Fünf Schubert-Sinfonien an zwei Abenden – die 3., 5. und 6. in einer längeren „Schubert! Nacht“ und der berühmte Solitär der „Unvollendeten“ zusammen mit der 2. Sinfonie am Tag darauf. Mit Christoph Prégardien wird bei den HR-Sinfoniekonzerten einer der wichtigsten Schubert-Sänger zu Wort kommen. Sein Tenor verspricht eine enorme Natürlichkeit und Schlichtheit: Nie muss er forcieren, nie Druck machen, es strömt einfach dahin.

4./5. April, Alte Oper Frankfurt, Opernplatz. www.hr-sinfonieorchester.de

Wenn der österreichische Hochleistungs-Schlagzeuger Martin Grubinger „The Century of Percussion“ ausruft, darf man sich auf ein Konzert der Superlative freuen. So hat Martin Grubinger gemeinsam mit seinem Vater eine beeindruckende Suite arrangiert, die die Geschichte des Schlagzeugs in den Mittelpunkt stellt und – ausgehend von Strawinskys „Sacre“ – Rhythmen und Melodien aus Klassik, Jazz, Rock und Folk zu einer wilden Stilcollage zusammenmixt. Der Multiperkussionist lädt zu einer faszinierenden musikalischen Weltreise durch ein Jahrhundert der Perkussion ein.

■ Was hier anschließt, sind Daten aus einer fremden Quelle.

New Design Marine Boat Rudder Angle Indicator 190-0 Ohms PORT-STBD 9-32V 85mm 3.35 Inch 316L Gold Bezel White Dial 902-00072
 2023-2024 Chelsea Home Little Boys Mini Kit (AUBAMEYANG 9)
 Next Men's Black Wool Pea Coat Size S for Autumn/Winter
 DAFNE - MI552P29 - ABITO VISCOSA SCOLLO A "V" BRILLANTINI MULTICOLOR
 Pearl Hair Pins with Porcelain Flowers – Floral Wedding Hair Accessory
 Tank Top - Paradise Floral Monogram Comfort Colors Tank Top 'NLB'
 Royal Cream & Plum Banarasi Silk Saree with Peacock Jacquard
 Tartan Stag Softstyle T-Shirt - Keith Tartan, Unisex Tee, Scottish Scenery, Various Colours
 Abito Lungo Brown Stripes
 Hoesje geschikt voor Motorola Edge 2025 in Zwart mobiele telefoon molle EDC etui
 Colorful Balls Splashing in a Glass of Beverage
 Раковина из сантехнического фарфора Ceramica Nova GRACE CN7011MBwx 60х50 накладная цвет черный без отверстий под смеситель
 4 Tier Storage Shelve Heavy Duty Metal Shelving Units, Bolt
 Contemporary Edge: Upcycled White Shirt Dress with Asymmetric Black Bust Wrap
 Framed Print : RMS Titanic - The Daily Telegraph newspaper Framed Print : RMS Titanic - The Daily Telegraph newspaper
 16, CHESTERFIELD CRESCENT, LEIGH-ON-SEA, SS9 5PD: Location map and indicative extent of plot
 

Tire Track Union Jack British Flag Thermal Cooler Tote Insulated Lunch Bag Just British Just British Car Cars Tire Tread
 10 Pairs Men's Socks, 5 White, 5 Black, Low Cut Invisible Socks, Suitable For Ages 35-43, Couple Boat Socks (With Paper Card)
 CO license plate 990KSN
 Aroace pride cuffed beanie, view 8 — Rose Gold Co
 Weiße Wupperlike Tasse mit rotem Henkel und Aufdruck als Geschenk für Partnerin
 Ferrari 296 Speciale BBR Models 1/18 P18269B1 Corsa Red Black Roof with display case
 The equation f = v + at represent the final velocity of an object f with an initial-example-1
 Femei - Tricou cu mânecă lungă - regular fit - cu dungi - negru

10. April, Alte Oper Frankfurt, Opernplatz. www.alteoper.de

Mit den schwierigsten Partien des Belcanto hat sie sich in die Herzen des Publikums gesungen: Edita Gruberová gilt seit den 1960er- Jahren als „Wunder“ in der internationalen Opernwelt. Neben anderen hochkarätigen Konzerten präsentiert die Oper Frankfurt einen Liederabend mit der Sopranistin und Peter Valentovic am Klavier. Mit ihren Liederabenden möchte Edita Gruberová „weit über die Bühne hinaus wirken“. Ihre Popularität hat sie stets genutzt, um selten gespielte Werke neu zu entdecken. Sie lässt unter anderem den Frühlingsstimmen-Walzer von Johann Strauß sowie Arien aus Il barbiere di Siviglia oder Giulio Cesare erklingen

23. April, Oper Frankfurt, Willy-Brandt-Platz. www.oper-frankfurt.de.